Herodotus describes with some elaboration the costume of the Babylonians in his day. He tells us that they wore a long linen gown reaching down to their feet, a woollen gown or tunic above this, a short cloak or cape of a white color, and shoes like those of the Boeotians. Their hair they allowed to grow long, but confined it by a head-band or a turban; and they always carried a walking-stick with a carving of some kind on the handle. This portraiture, it is probable, applies to the richer inhabitants of the capital, and represents the Babylonian gentleman of the fifth century before our era, as he made his appearance in the streets of the metropolis.

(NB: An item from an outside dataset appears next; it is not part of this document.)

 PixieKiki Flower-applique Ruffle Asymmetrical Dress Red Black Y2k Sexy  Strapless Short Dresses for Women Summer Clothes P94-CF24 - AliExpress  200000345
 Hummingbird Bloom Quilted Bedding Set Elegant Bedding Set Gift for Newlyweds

The cylinders seem to show that the ordinary Babylonian dress was less complicated. The worshipper who brings an offering to a god is frequently represented with a bare head, and wears apparently but one garment, a tunic generally ornamented with a diagonal fringe, and reaching from the shoulder to a little above the knee. The tunic is confined round the waist by a belt. [PLATE XXII., Fig. 1.] Richer worshippers, who commonly present a goat, have a fillet or headband, not a turban, round the head. They wear generally the same sort of tunic as the others; but over it they have a long robe, shaped like a modern dressing-gown, except that it has no sleeves, and does not cover the right shoulder. [PLATE XXII., Fig. 1.] In a few instances only we see underneath this open gown a long inner dress or robe, such as that described by Herodotus. [PLATE XXII., Fig. 2.] A cape or tippet of the kind which he describes is worn sometimes by a god, but is never seen, it is believed, in any representation of a mortal.

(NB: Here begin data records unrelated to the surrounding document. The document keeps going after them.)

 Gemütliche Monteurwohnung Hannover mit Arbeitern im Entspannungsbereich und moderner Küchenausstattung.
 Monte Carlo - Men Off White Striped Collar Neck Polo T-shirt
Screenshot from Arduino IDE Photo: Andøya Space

[Illustration: PLATE XXII.]
The short tunic, worn by the poorer worshippers, is seen also in a representation (hereafter to be given) of hunters attacking a lion. A similar garment is worn by the man—probably a slave—who accompanies the dog, supposed to represent an Indian hound; and also by a warrior, who appears on one of the cylinders conducting six foreign captives. [PLATE XXII., Fig. 4.] There is consequently much reason to believe that such a tunic formed the ordinary costume of the common people, as it does at present of the common Arab inhabitants of the country. It left the arms and right shoulder bare, covering only the left. Below the belt it was not made like a frock but lapped over in front, being in fact not so much a garment as a piece of cloth wrapped round the body. Occasionally it is represented as patterned; but this is somewhat unusual. [PLATE XXII., Fig. 3.]
In lieu of the long robe reaching to the feet, which seems to have been the ordinary costume of the higher classes, we observe sometimes a shorter, but still a similar garment—a sort of coat without sleeves, fringed down both sides, and reaching only a little below the knee. The worshippers who wear this robe have in most cases the head adorned with a fillet. [PLATE XXIII., Fig. 1.]